## Stored data
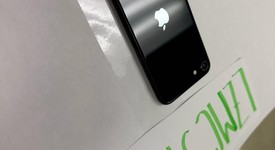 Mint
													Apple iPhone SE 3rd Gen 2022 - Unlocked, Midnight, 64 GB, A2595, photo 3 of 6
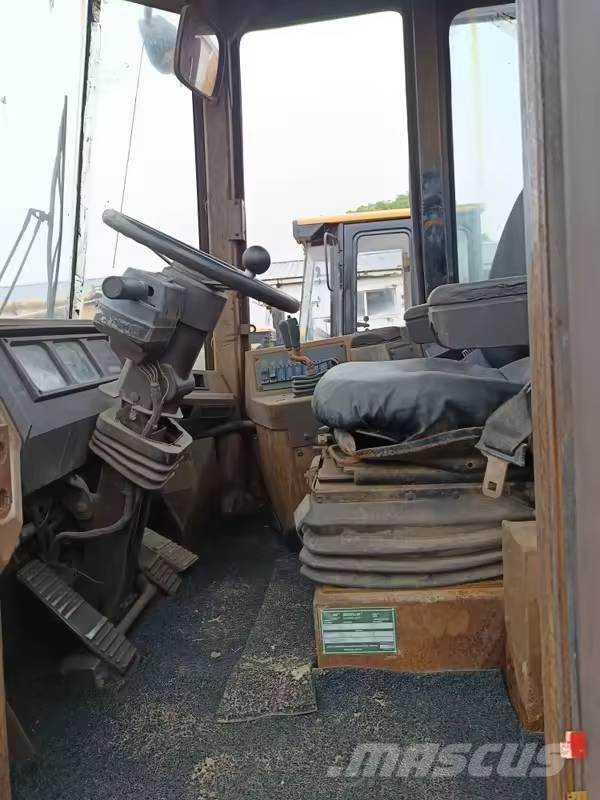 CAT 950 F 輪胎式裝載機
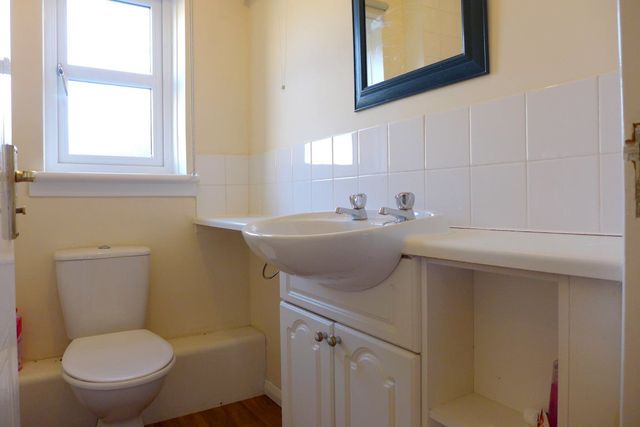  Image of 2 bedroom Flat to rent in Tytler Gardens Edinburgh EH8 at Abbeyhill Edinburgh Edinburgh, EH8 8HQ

## Work to complete
If a picture falls within the lines from the one containing "Apple iPhone SE" through the end of the material, leave it out while repeating those lines exactly.

## Solution to the problem
													Apple iPhone SE 3rd Gen 2022 - Unlocked, Midnight, 64 GB, A2595, photo 3 of 6
 CAT 950 F 輪胎式裝載機
  Image of 2 bedroom Flat to rent in Tytler Gardens Edinburgh EH8 at Abbeyhill Edinburgh Edinburgh, EH8 8HQ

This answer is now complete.